This would align the King of the Smith-Waite/RIder system with the Knight of the Thoth system and the Knight of the Smith-Waite/Rider system with the Prince of the Thoth. That’s a common approach, and if you’re looking at age and gender in the court cards, I think it makes perfect sense. But if you want to tweak a system to work for you, I find it helpful to think through the why of what you’re doing. 

When I first learning about the elemental associations, I took the age mapping and used it for the elemental mapping assuming that if one worked the other would too. But I see now that they really aren’t related, at least not in a way that helps me understand the way that the cards’ elemental associations lead to insights about the cards.

In case you’re unfamiliar with the elemental associations, they are as follows (in the Thoth system):

  • Wands are fire, cups are water, swords are air, and discs are earth.

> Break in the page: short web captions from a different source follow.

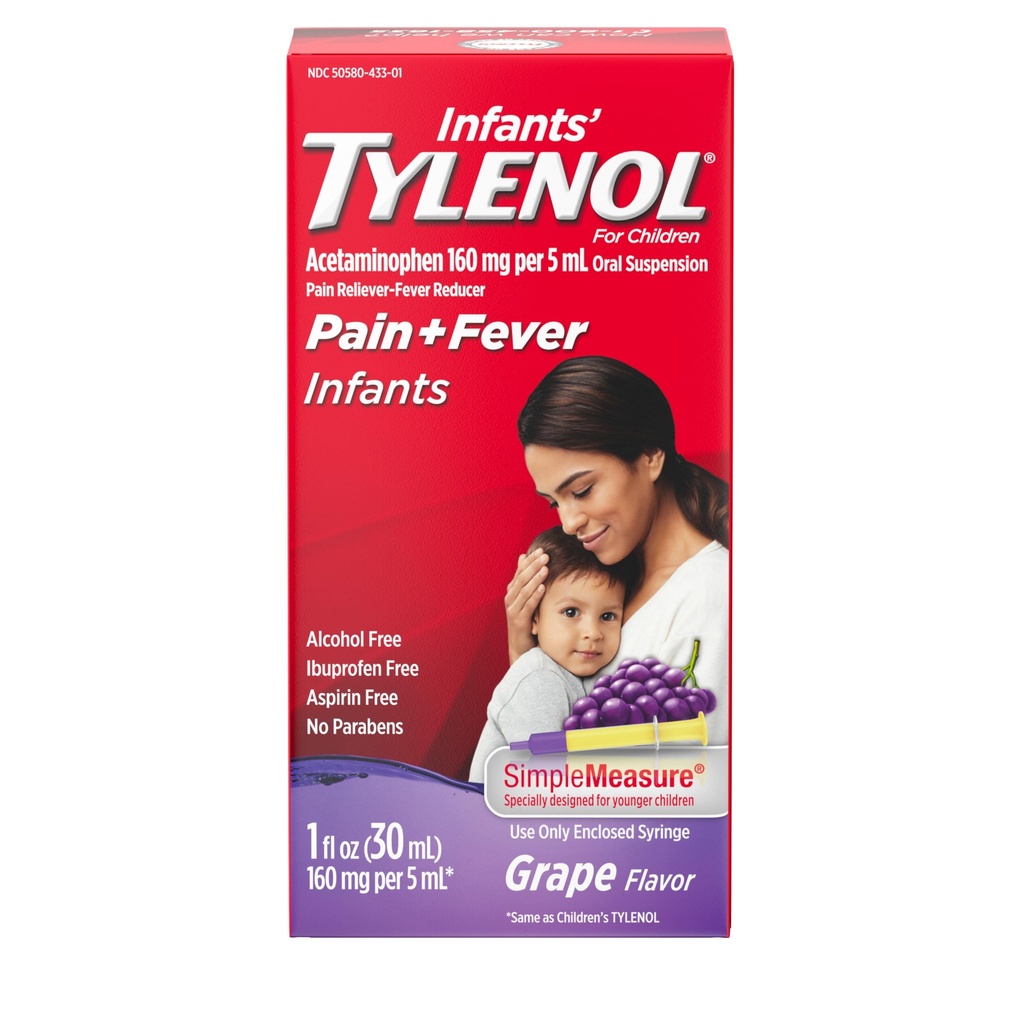 Acetaminophen, Baby Fever Reducer & Pain Reliever를 가진 유아의 tylenol 구두 중단 액체 약 Minor Aches & Pain, Sore Throat, Headache & Toothache, 포도 풍미, 1 fl. oz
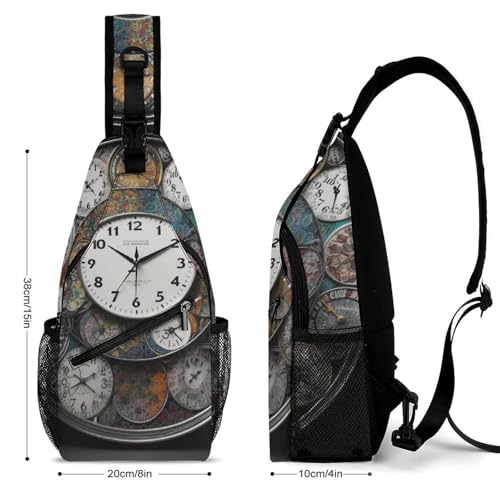 Mochila deportiva Clock Art tipo bandolera para adultos miniatura 2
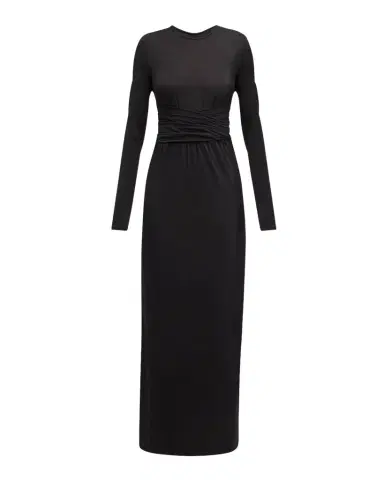 Emporio Armani Pleated Long-Sleeve Jersey Column Gown | Thumbnail 1 Emporio Armani Pleated Long-Sleeve Jersey Column Gown | Thumbnail 1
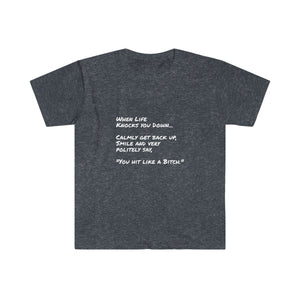 Printify T-Shirt Heather Navy / S Unisex Softstyle T-Shirt - Life knocks you down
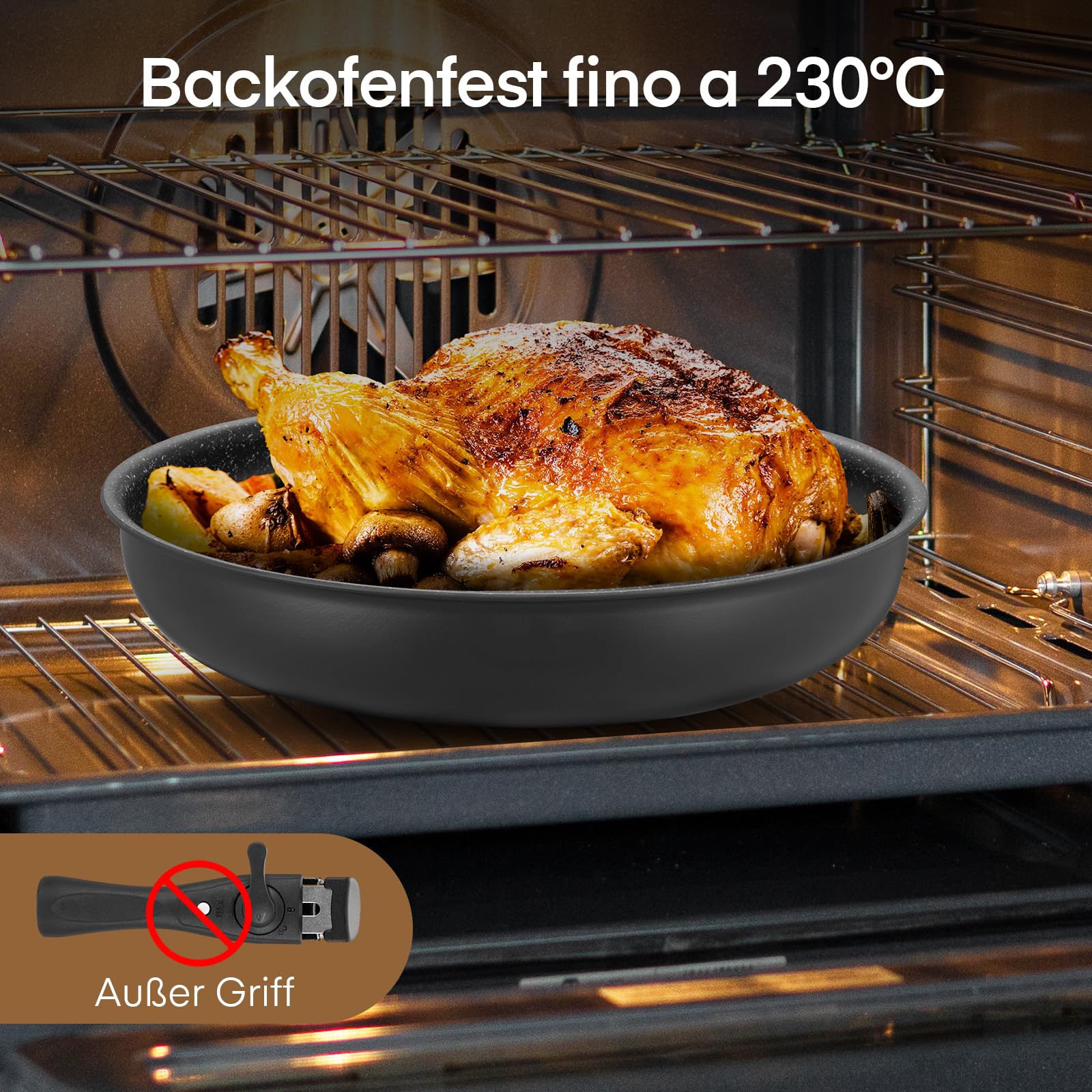 Fadware Set di Padelle Antiaderenti in Ceramica, Padella Antiaderente con Manico Removibile, Padelle Induzione per Camper e Cucina Piccola, Impilabili, Adatto per il forno, Senza PFAS, 20 + 24 + 28 cm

  • The order of elements follows this same “hierarchy” (it’s more nuanced in the Thoth system than in the Smith-Waite/Rider system), so the Knight is the “Fire of” his suit’s element, the Queen is the “Water of” her suit’s element, the Prince is the “Air of” his suit’s element, and the Princess is the “Earth of” her suit’s element. 

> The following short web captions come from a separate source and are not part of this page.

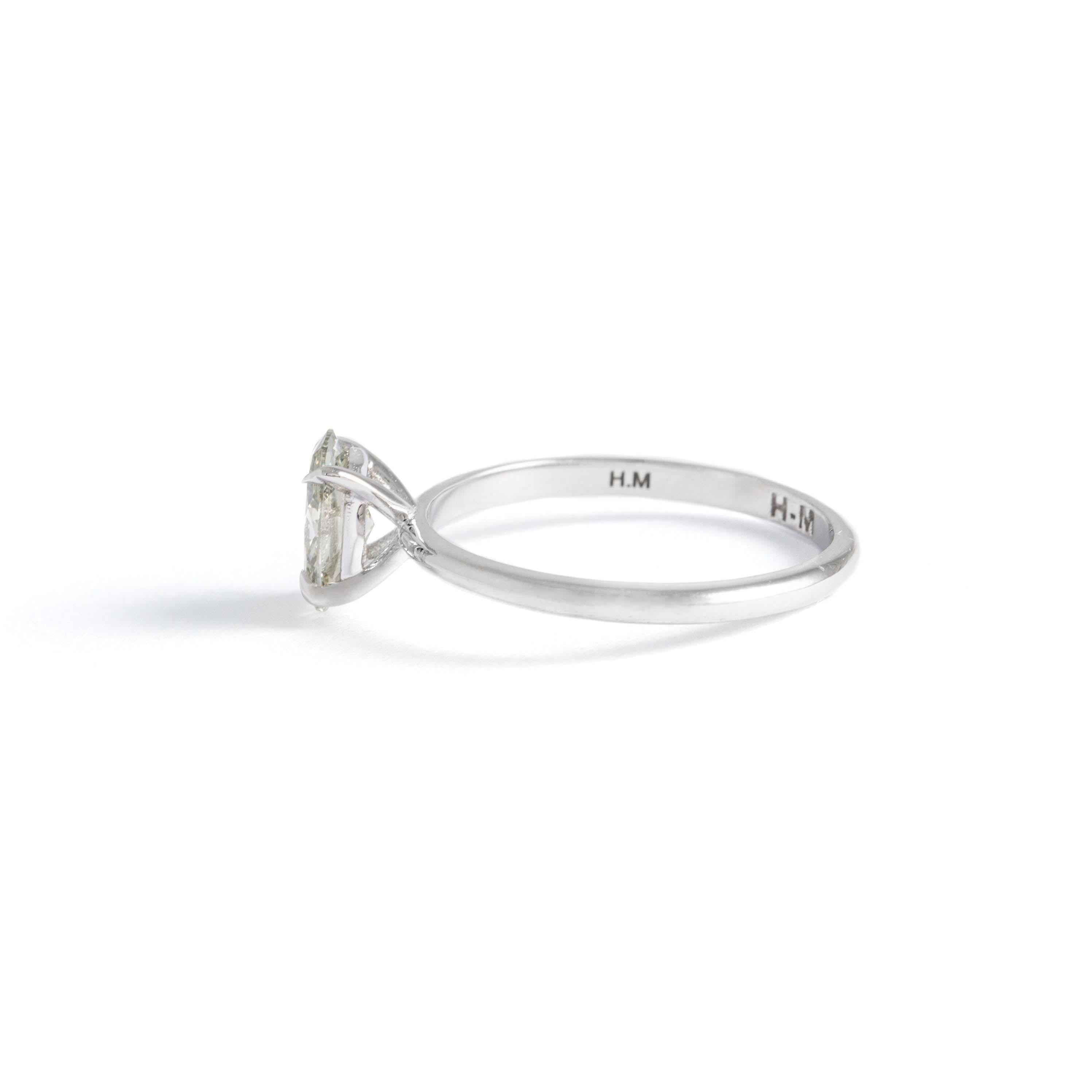 Oval Cut 1.10 Carat Fancy Light Gray Diamond Solitaire Ring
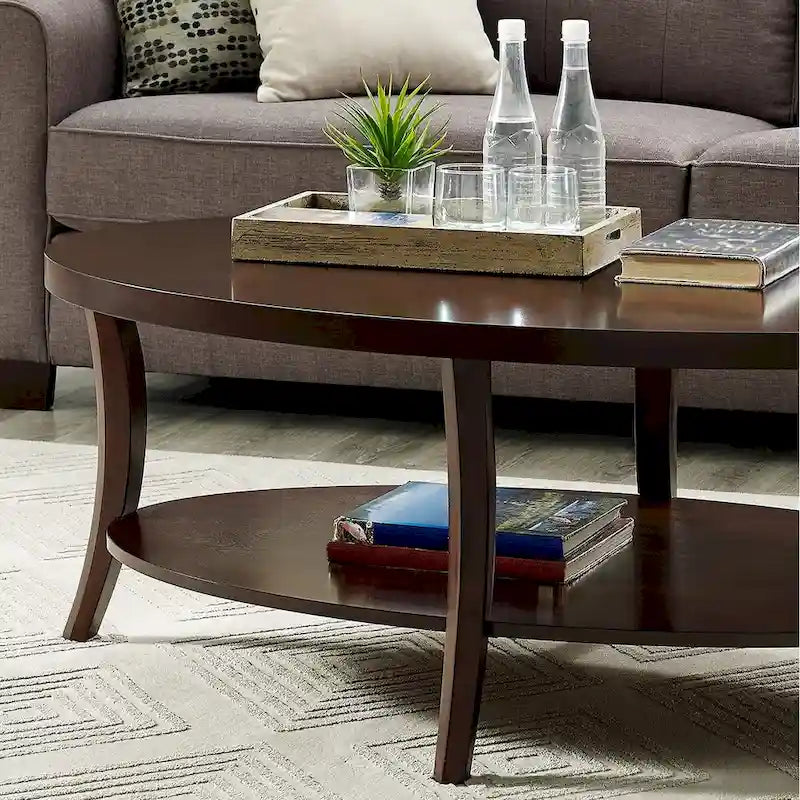 Table basse ovale en bois avec étagère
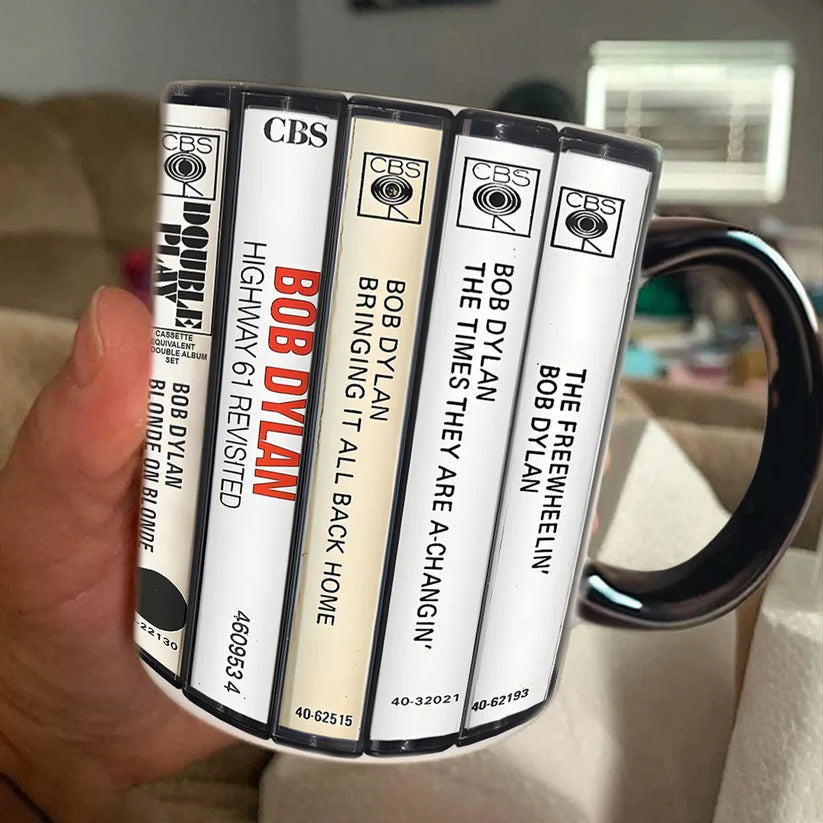 Bob Dylan Cassette Accent Mug Ceramic Drinkware for Music Lovers GradoCreations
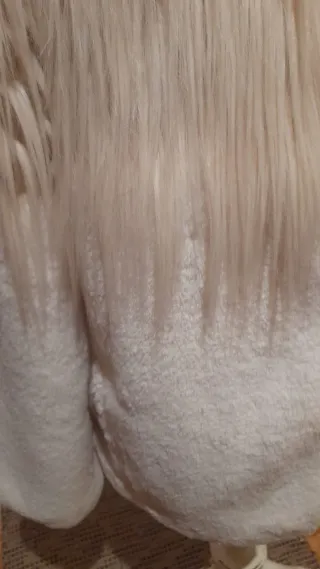 Chaquetón de mujer de pelo combinado sintético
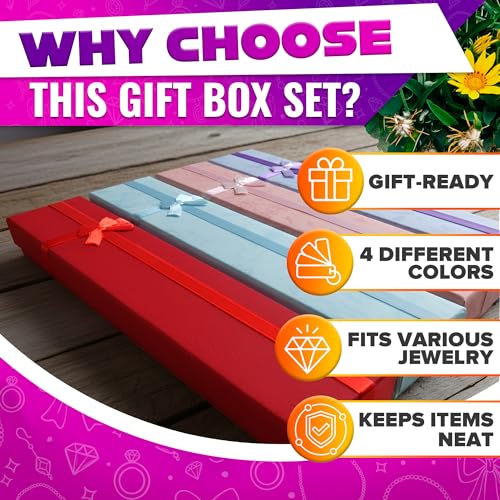 KETAR 24 Pack Necklace Gift Box Bulk, Rigid Cardboard with Foam Insert - color: 24 Pcs Color Mix
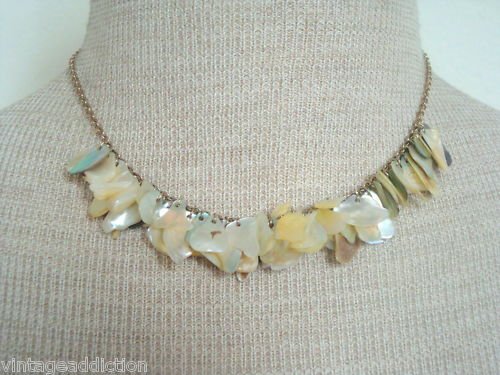 Vintage Mother Of Pearl Unique Bib Necklace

It’s a fun system in that it highlights the way that the Knight of Wands, the Queen of Cups, the Prince of Swords, and the Princess of Discs are all especially representative of their elements while the Knight of Cups, Queen of Wands, Prince of Discs, and Princess of Swords are much more conflicted and contradictory.

But if you want to bring these elemental associations into the Smith-Waite/Rider system, you’re setting the Knights on a collision course. Does it make sense that the old man seated on a massive slab of stone in the King of Swords is the “Fire of Air,” or put another way, the activity of thought? Meanwhile, the breakneck pace of the Knight of Swords is supposed to make you think about the thought of thoughts (the “Air of Air”)? I see the seated kings as the thinkers and decision makers, the delegators, and thus I tie them more clearly to air. The more virile and action-oriented and hard-riding knights as clearly Fire to me. 

Now, to be fair, I can make the case for the King being Fire and the Knight being Air, but it requires thinking about Fire (and thus Wands) as the will driving action rather than activity itself (action then becomes an earthy association in that the body completes the will), and it requires thinking about Air (and thus Swords) as more about movement and speed than about thoughts—either that or it requires me to think about the Knight of Swords as a card filled with anxiety (thinking about thinking causing the horse’s panic) rather than rash decisions. That might work for your style of reading, but it doesn’t work for me, at least not most of the time.

And that’s the key thing about tweaking a system for your own purposes, you get to look at what works and what doesn’t and you get to understand your own thought processes. You might, for example, decide that the elemental associations of the court cards has no place in the Smith-Waite/Rider, but chances are good that if you use multiple decks or systems, you’ll start to cull new strategies from each to use in the other. You’ll also start to unconsciously set expectations with your decks or for your readings that help you home in on the message that makes sense to provide. And if, for some reason, your intuition wants you to access the meaning of the Knight of Swords as about anxiety (and the cards don’t want to give you the 9 of Swords for whatever reason), then that meaning is there, ready for the unearthing. When you’re attuned to your intuition, you’ll be able to tell when there’s something going against your set intentions that needs to come out. For the insecure reader, it might feel like second-guessing, but if you’ve set those intentions for yourself and you’ve interrogated your own sets of meanings, then it will be easier to tell when a message is just a stray thought causing doubt and when it’s a buried intuitive hit that’s trying to claw its way out of a system you aren’t intending to use.